Quantifying moderate resolution remote sensing phenology of Louisiana coastal marshes

Abstract

Coastal ecosystems are under multiple stresses ranging from global climate change to regional hazardous weather and human interventions. Coastal marshes in Louisiana are inherently vulnerable to these threats because they are microtidal and inhabit a narrow portion of the intertidal zone. Phenological dynamics of the marshes offer valuable information on the stressors’ impacts, yet they have rarely been reported or compared. Here, we study the landscape-level phenologies of the marshes under different climatic conditions, using Landsat-derived Normalized Difference Vegetation Index (NDVI) records (30×30m2 spatial resolution) and a nonlinear mixed model that enables a quantitative analysis of nonlinear and piecewise functions involving repeated measures. In 2007 (a normal year), the Gaussian function was the best phenological model for Louisiana coastal marshes (pseudo R2 0.56–0.85), showing that: (1) NDVI of all marshes peaked within one month from late July to mid-August; (2) freshwater marshes had the highest peak NDVI, followed by intermediate, brackish, and saline marshes; and (3) saline marshes had the longest growth duration, followed by brackish, and then intermediate and freshwater marshes.
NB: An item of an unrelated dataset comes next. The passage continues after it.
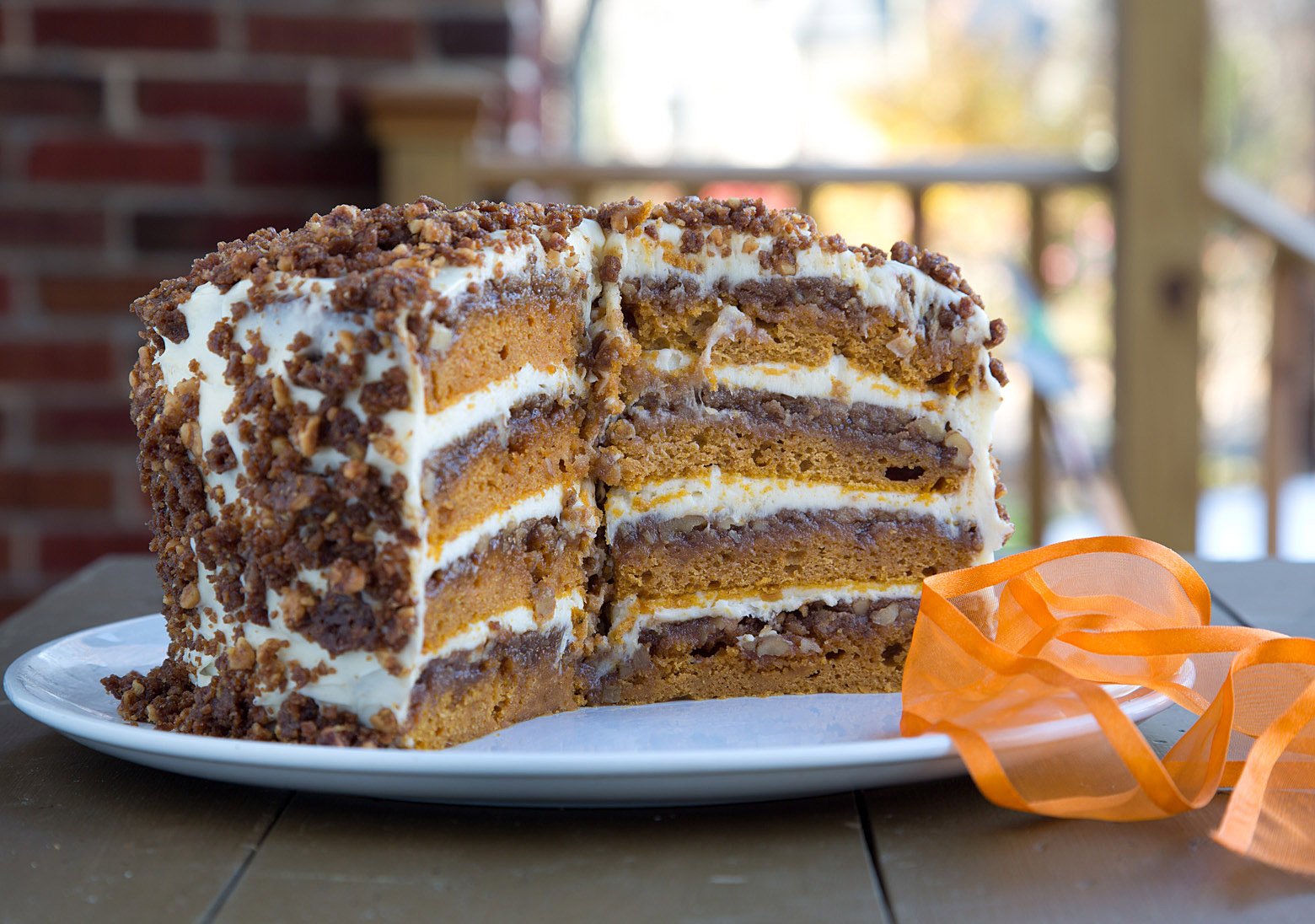 pumpkin crunch with slices taken out on a white platter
Phenological shifts were found in years featuring extreme weather events: (1) a two-month delay in the peak NDVI day of saline marshes in 1999 (a drought year) compared to 2007; and (2) a shortening in growth duration of all marshes by approximately half in 2005 (a hurricane year). This work presents a methodgology to analyze and predict Louisiana coastal marshes' phenological dynamics in response to current and future stresses.